The challenge for doctors is to figure out which symptoms are from TBI and which aren’t. Like with PTSD, some victims don’t feel any effects until months after their injury. In fact, the Army’s own studies show that as of a couple years ago, most cases of TBI in Iraq went undiagnosed. Critics say the military took a long time to realize the enormity of the problem. That raises another issue though: For the majority of both wars, the Army kept little data on concussions.
Returning To The Battlefield
The Kandahar Concussion Care Center is trying to correct the military’s course on TBI.
Dollman takes brain scans regularly. He’s takes cognitive tests almost every day. He recently got the news — bad news if you ask him — that he can’t go out on any more patrols.
“I’m not allowed to leave the wire as of now just because it’s my third [concussion],” he says.

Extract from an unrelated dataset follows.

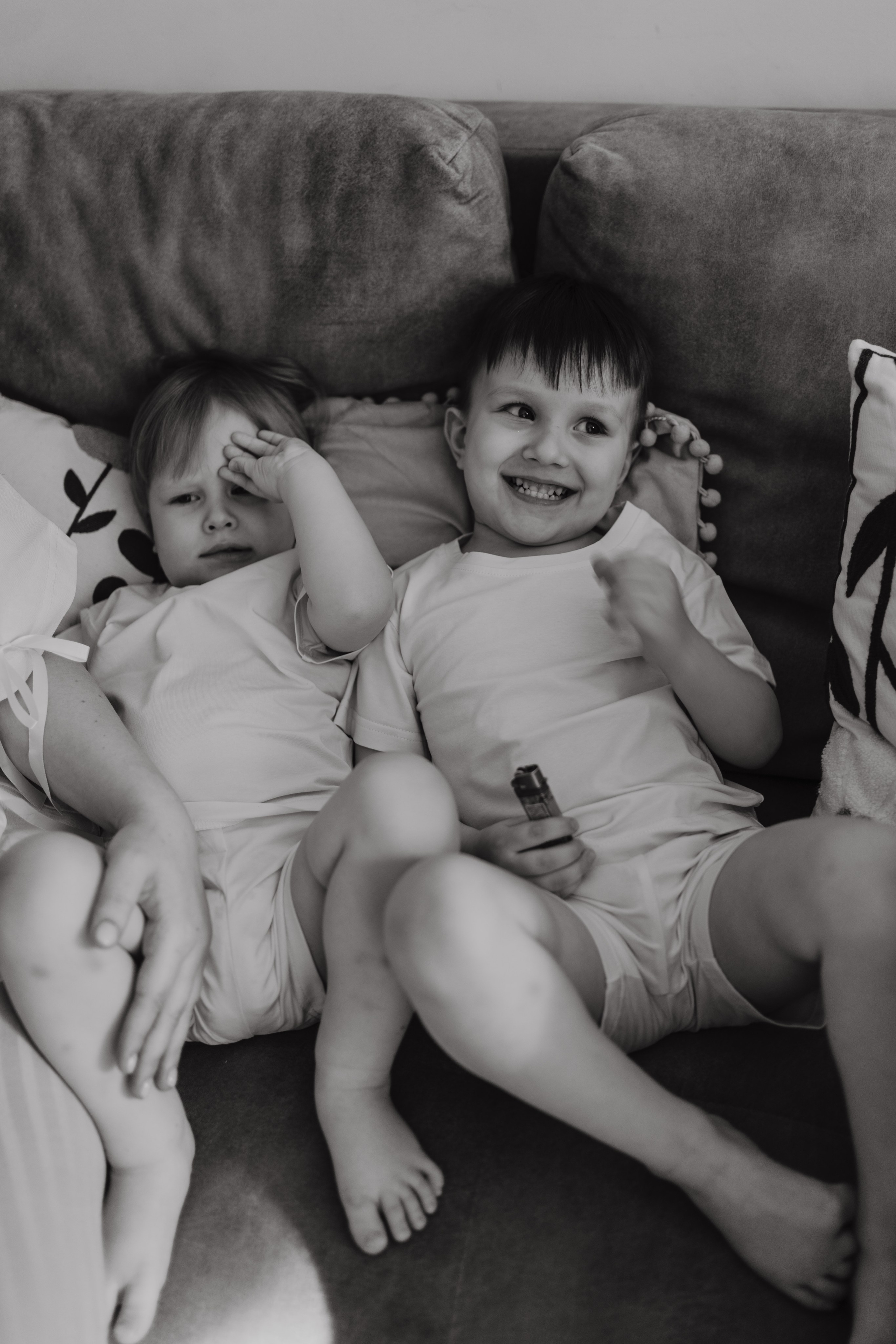 Домашние истории. Семейный фотограф в Москве Кристина Кручинина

That’s one rule military doctors have come up with since they’ve been looking at TBI close to the fight. It’s arbitrary; no one knows if one concussion or five concussions lead to the long-term problems, but doctors think it’s a good rule of thumb. Dollman decided he would probably lose an argument with the neurologists here in Kandahar.
“It is hard, but I know it’s for a reason, because I know I need to get treated,” he says. “That way I’m not hurting my platoon, because when we go on missions they can’t be worrying about me. … I’m more of a danger going out to the line with TBI, so it’s a big thing I get treated here before I go back out.”
That argument works with soldiers: They’ll do for the guys in their unit. Another argument may be winning over their commanders.
According to Thomas the new procedures — getting soldiers to take a break and rest up, but stay in Afghanistan — is actually getting troops back to the battlefield sooner.
Before, many soldiers thought to have TBI would be flown all the way to Germany for treatment. Many would never get back to their units in Afghanistan.
Keeping soldiers healthier — but also getting them back in the fight — are the kind of results that may help senior military leadership embrace the new approach to TBI.